The basis of how we define human rights

Qultura bases its definition of human rights in terms of hard realism and the fundamental truth that irrespective of aspects of culture, belief systems and ideology once a human being is born they are a part of everything else in existence. The universe is like a jigsaw puzzle. There are no spare pieces and everything fits together. Likewise every human being has their place within the human species and their part to play in the process of human evolution.

Human rights in the context of the universe

This means that from our perspective human rights are an aspect of reality and beyond all discussion and arguments. Very much in the same way as an apple grows out of a tree, and a tree grows out of the earth, and the earth is part of a planet which is part of a solar system, galaxy and universe itself, a human being grows out of other human beings. Everything in the universe is connected and interdependent on everything else.

Human rights and environmental issues

This means that there is a very clear and fundamental difference between human rights and social privilege, but this also means that environmental issues are very much human rights as well.

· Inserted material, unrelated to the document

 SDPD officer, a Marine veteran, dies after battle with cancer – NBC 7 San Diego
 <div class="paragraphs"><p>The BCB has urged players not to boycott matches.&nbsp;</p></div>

Nobody can exist without having air to breathe, access to clean water, access to shelter, to food, to human contact and emotional involvement, and also access to culture. This means that the environment, the planet and your access to resources is very much a part of who you are as your hands, your face and your fingerprint. The only discussion when it comes to human rights is whether you personally choose to accept and embrace this reality or not.

Human rights and universal law

Therefore human rights are not a matter of legislation or being entitled to certain so-called rights which can be granted to you or taken away from you by an authority. Human rights are an ability to live in a manner which does not cause harm in any way to any other human being, living being or the environment. Within this human rights are the right to be able to live in a way where you are not harmed by others or face the threat of harm or deprivation of opportunity of access to any of the fundamental things you need for life. Human rights are based on universal law, and it is only the recognition of human rights which is based on human law or legislation.